[Exercise] Once you find the line with "BALCI,Ice Cream Container,2" in the data below, transcribe exactly each line from there to the line with "5-in-1 Magnesium; Magnezyum", inclusive, and nothing else. Drop the pictures.

[Record excerpts]
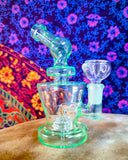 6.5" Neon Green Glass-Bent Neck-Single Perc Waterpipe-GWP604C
...
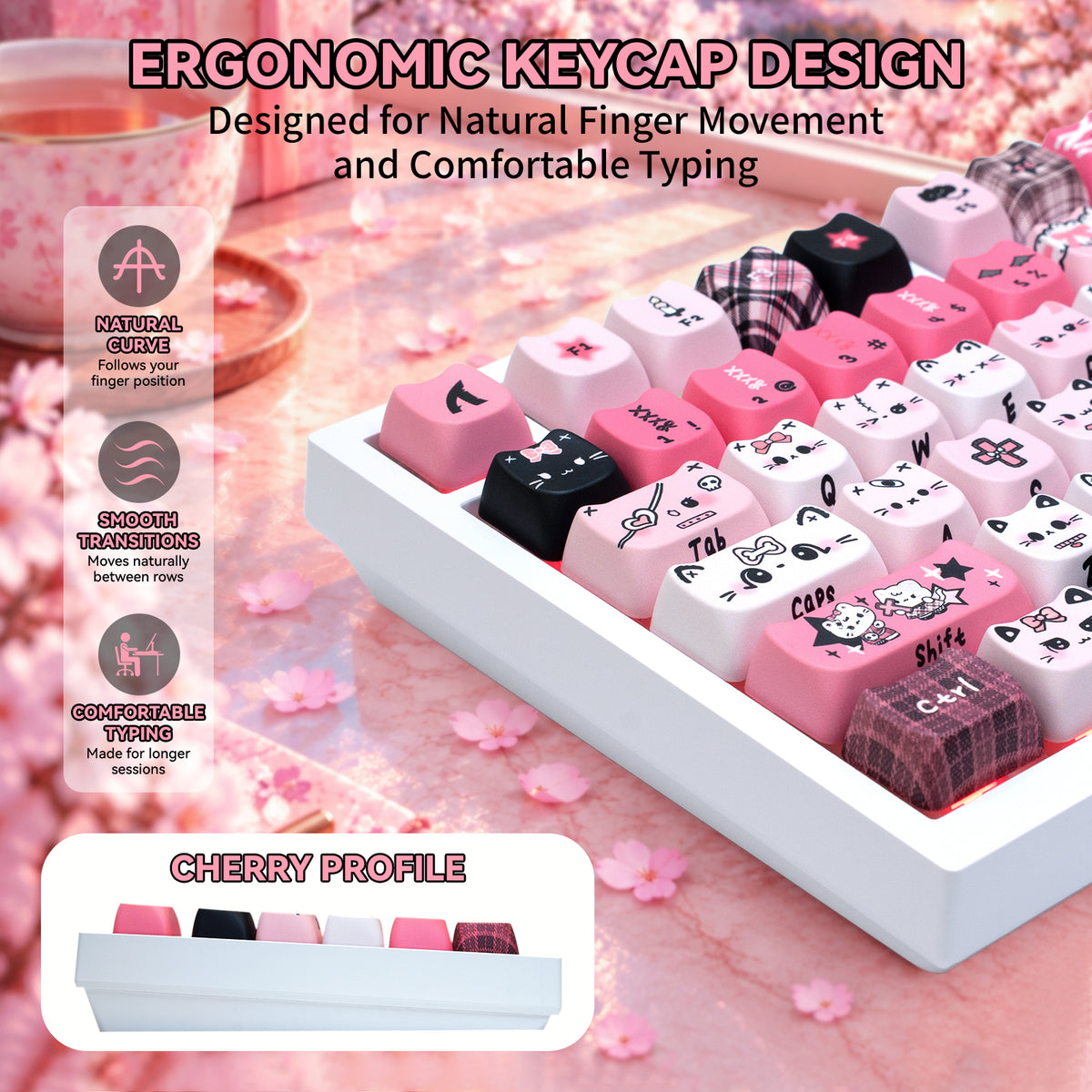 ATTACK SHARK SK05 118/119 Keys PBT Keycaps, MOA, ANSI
==
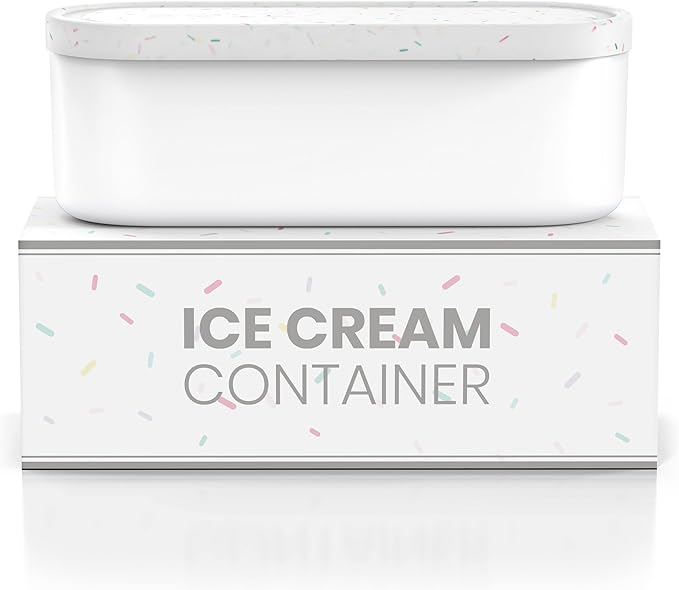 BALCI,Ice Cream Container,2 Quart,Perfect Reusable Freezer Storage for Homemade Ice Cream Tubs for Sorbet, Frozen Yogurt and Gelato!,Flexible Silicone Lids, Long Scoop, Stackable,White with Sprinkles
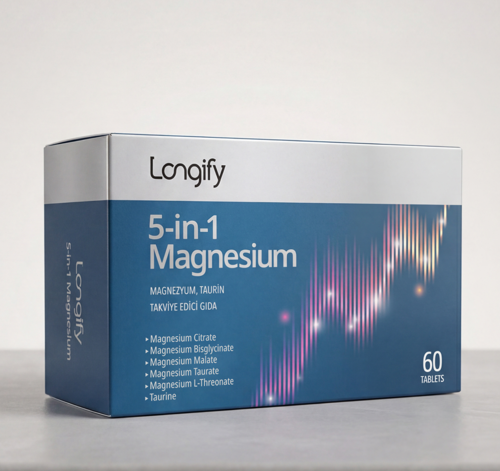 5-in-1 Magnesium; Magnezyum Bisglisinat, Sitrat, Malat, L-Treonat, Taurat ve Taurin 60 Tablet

[Result below]
 BALCI,Ice Cream Container,2 Quart,Perfect Reusable Freezer Storage for Homemade Ice Cream Tubs for Sorbet, Frozen Yogurt and Gelato!,Flexible Silicone Lids, Long Scoop, Stackable,White with Sprinkles
 5-in-1 Magnesium; Magnezyum Bisglisinat, Sitrat, Malat, L-Treonat, Taurat ve Taurin 60 Tablet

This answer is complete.